The new architecture of social media does not even have the chitinous shell of the Vegas strip, it is becoming more like a dream world, changing at the speed of thought. Virality occurs when this dream world tests new content to great success.

Whether due to a change in target demographic, a theme and aesthetic becoming stale, or a desire to sell more efficiently, marketing enterprises have always been innovating. Innovation is generally brought about by testing, the combination of a new idea, data collection, and quantitative analysis of that data, to see how effective the new approach was.

A clear example of this is A/B testing, a method whereby users of an online service are randomly served with different versions of the service, and their interactions with it are collected and compared (Scott W. H. Young, 2014). Social media features a multiplicity of variations, all ready for testing against any number of users. Through a hybrid of A/B testing and user-profiling, viral media is the product of the most successful testing in social media.

This is because virality is the combination of a person or piece of media receiving low levels of attention, and then becoming very popular, is the result of a subtle change in a recommendation algorithm, search feature, or other method used to deliver potentially attention-grabbing content to some viewers, and then to expand and show more and more based on its initial successes.

Human Vectors

Viral content isn’t just successful because recommendation algorithms put innovative media in front of a bunch of people, but because social media accommodates self-directed exploration by bored users, providing search and filtering tools to allow an interested user to search for new media, a technologically augmented practice similar to crate digging that adeptly incorporates user profiling, search ranking, and chance with the user’s own self-knowledge. This is easily demonstrable in the case of YouTube, by making an identical search in two windows, one via an active account attached on which many videos have been watched, and one without an account. The results will differ significantly, and will also shift upon subsequent page loads, the former showing the adjustments made to search based on your user profile, the latter showing either A/B testing or perhaps a more inscrutable system accounting for your presumed disinterest in the first results.

Democracy?

As virality characterizes social media’s divergence from mass media, seeming to substitute embedded personalities and distribution technologies for flexible and inventive multiplicity that varies based on user engagement, it is tempting to think that virality is democratic.

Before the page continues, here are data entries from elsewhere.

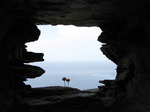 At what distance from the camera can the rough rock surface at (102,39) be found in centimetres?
1019

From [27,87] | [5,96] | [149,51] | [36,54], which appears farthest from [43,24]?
[149,51]

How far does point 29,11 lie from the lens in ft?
35.2

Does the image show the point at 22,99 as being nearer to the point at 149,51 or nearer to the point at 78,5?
the point at 78,5

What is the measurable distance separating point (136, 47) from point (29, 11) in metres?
5.43

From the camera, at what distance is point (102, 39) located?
1380cm

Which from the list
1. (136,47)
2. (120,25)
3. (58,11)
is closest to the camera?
(58,11)

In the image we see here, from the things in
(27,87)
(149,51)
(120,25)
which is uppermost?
(120,25)

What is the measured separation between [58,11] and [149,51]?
461 centimetres

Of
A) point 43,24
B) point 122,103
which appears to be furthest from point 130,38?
point 43,24

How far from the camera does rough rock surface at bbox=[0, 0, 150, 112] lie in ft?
33.4

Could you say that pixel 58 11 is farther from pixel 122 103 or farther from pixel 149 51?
pixel 122 103

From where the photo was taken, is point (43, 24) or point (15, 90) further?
point (43, 24)

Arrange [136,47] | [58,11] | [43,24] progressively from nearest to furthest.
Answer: [58,11], [136,47], [43,24]

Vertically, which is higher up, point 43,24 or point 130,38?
point 43,24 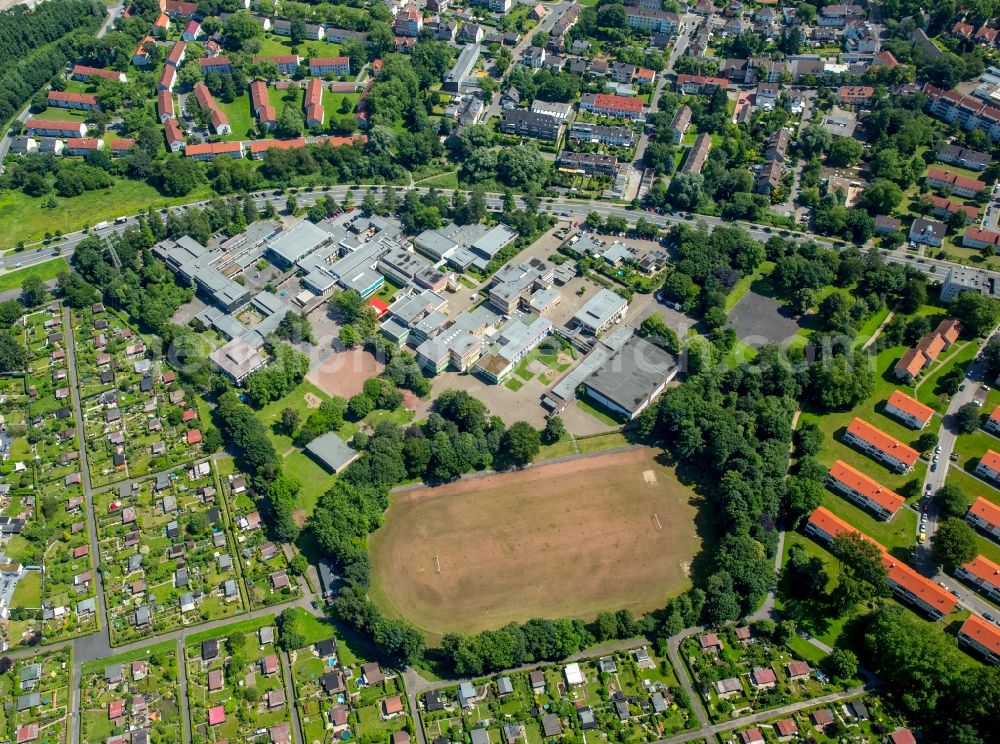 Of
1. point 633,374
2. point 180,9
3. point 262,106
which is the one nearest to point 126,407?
point 633,374

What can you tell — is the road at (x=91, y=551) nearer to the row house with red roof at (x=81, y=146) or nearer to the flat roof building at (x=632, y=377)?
the row house with red roof at (x=81, y=146)

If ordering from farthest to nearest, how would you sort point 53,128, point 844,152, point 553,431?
point 53,128 < point 844,152 < point 553,431

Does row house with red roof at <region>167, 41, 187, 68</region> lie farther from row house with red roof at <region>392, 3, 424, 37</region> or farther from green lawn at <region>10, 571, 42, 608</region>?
green lawn at <region>10, 571, 42, 608</region>

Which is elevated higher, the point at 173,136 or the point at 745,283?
the point at 745,283

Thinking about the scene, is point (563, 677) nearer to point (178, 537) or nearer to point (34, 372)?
point (178, 537)

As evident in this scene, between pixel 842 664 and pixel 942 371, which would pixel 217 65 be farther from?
pixel 842 664

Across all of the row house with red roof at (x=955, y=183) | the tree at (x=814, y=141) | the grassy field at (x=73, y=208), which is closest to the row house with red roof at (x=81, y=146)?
the grassy field at (x=73, y=208)

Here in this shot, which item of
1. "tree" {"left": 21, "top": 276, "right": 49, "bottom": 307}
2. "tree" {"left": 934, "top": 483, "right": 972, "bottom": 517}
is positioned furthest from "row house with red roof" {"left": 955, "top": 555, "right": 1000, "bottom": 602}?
"tree" {"left": 21, "top": 276, "right": 49, "bottom": 307}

However, this is not the case. Democracy is defined by the New Oxford American Dictionary as ‘a system of government by the whole population or all the eligible members of a state, typically through elected representatives.’ While content is certainly often ranked and recommended on social media platforms according to its popularity, this is mediated by an opaque set of concerns that vary between between platforms. A public statement from YouTube in 2012 states that their search ‘now optimized [sic] for time watched.’ The Verge reports numerous other instances of changes in their article ‘The golden age of YouTube is over’, noting that changes ‘[tipped] the scales in favor of [certain] organizations or creators — big ones, mostly.’ Other algorithms are even more opaque, a testament to how far they are from directly democratic: Forbes reports ‘Hacking Social Algorithms Is the New Marketing’, demonstrating through the different strategies employed on every platform and the degree to which the techniques are employed in concert with advertising that algorithmic recommendations and user preference are incredibly mediated.

Conclusion

Virality is not evidence of chaos, nor of democracy, but of highly intentional and adaptive advertising techniques hungrily seeking out the attention of the spectators. Viral videos and content are the experiments of social media discovery algorithms and tools at their most successful, representative of the contrast between social media and the previous mass media.